3) placing a piece of the middle center membrane in the step 1) between two pieces of the middle side membrane in the step 2) to form a sandwich shape, and completely vulcanizing the middle center membrane;

4) cutting into required shape to obtain the uterus support.

The process center diaphragm and the process side diaphragm are formed in the step 1) and the step 2) firstly, and then are completely vulcanized through the step 3), so that the center diaphragm and the side diaphragm do not have obvious boundaries directly, the forming effect is equal to that of integral forming, and meanwhile, different areas and different pore densities are provided.

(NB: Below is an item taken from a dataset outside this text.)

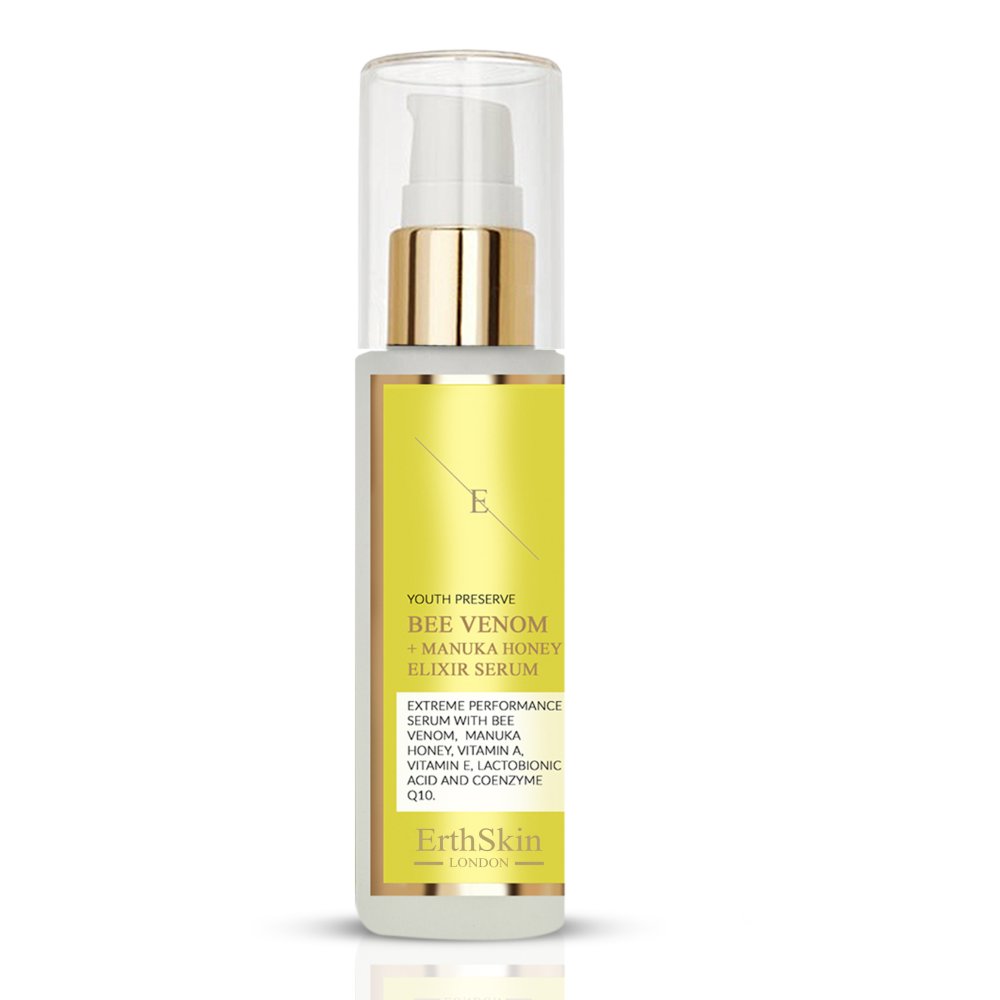 'Bee Venom + Manuka Honey Elixir' Face Serum - 60 ml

Preferably, the silicone rubber is a solid silicone rubber.

Preferably, the silicone rubber is a liquid silicone rubber; the process center membrane of step 1) and the process side membrane of step 2) are semi-cured to a semi-solid state.

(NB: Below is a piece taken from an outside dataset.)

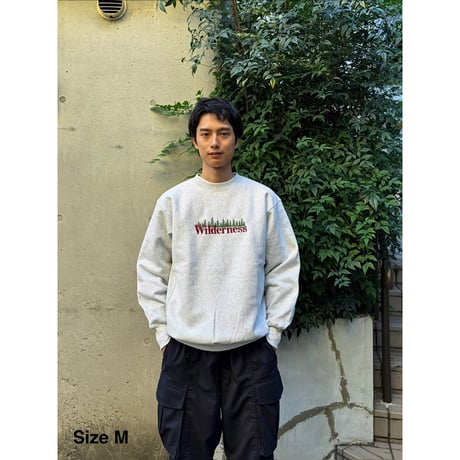 Color at Against Originals /  Wilderness Sweat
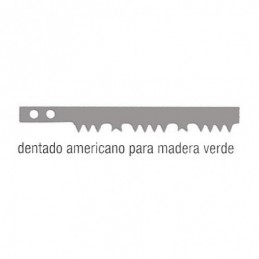 HOJAS BAHCO DIENTE 23 23-21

Preferably, the drugs in steps 1) and 2) are the same drug.

Preferably, the drugs in steps 1) and 2) are different drugs.

Preferably, the medicament in step 1) comprises estrogen, and can be selected from any one or combination of at least two of estradiol benzoate, estradiol valerate, ethinyl estradiol ether, pregnant marestrone, diethylstilbestrol, nilestriol or promestrene; the medicament in the step 2) comprises progestogen selected from any one or the combination of at least two of progesterone, norethindrone, levogestrel, demegestone, promegestone, nergestrel, dydrogesterone, caproic acid progesterone and drospirenone.

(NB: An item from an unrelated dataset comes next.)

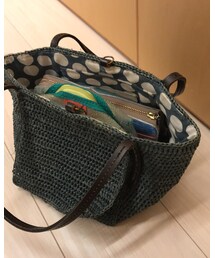 Sans Arcidet | かごバッグ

Preferably, the pore-forming agent in the step 2) is a water-soluble pore-forming agent, and the sandwich structure in the step 3) is washed with water after being completely vulcanized.

Preferably, a surfactant is added in the water washing stage. And the surfactant is added in the water washing stage, so that the water-soluble pore-forming agent in the uterine scaffold is cleaned completely without residue.

Preferably, the water-soluble pore-forming agent is: polyvinyl alcohol (PVA), gelatin, Arabic gum, guar gum, chondroitin sulfate, Hyaluronic Acid (HA), sodium carboxymethylcellulose (CMC), polyvinylpyrrolidone (PVP), Methylcellulose (MC), hydroxypropyl methylcellulose (HPMC), starch, pectic acid, heparin, glucose, beta-cyclodextrin, chitosan, sodium alginate, or any combination thereof.

Compared with the prior art, the invention has the following beneficial effects:

according to the invention, the pore-forming agent is added in the process of preparing the uterine stent to achieve that the porosity of the outer side is different from the central position, so that the same uterine stent can release different medicines at different time periods.

Drawings

FIG. 1 is a graph showing the amount of drug released in example 1 of the present invention;

FIG. 2 is a graph showing the amount of drug released in example 2 of the present invention;

FIG. 3 is a graph showing the amount of drug released in example 3 of the present invention;

FIG. 4 is a graph showing the amount of drug released in comparative example 1 of the present invention;

fig. 5 is a graph showing the amount of drug released in comparative example 2 of the present invention.

Detailed Description

The technical scheme of the invention is further explained by the specific implementation mode in combination with the attached drawings.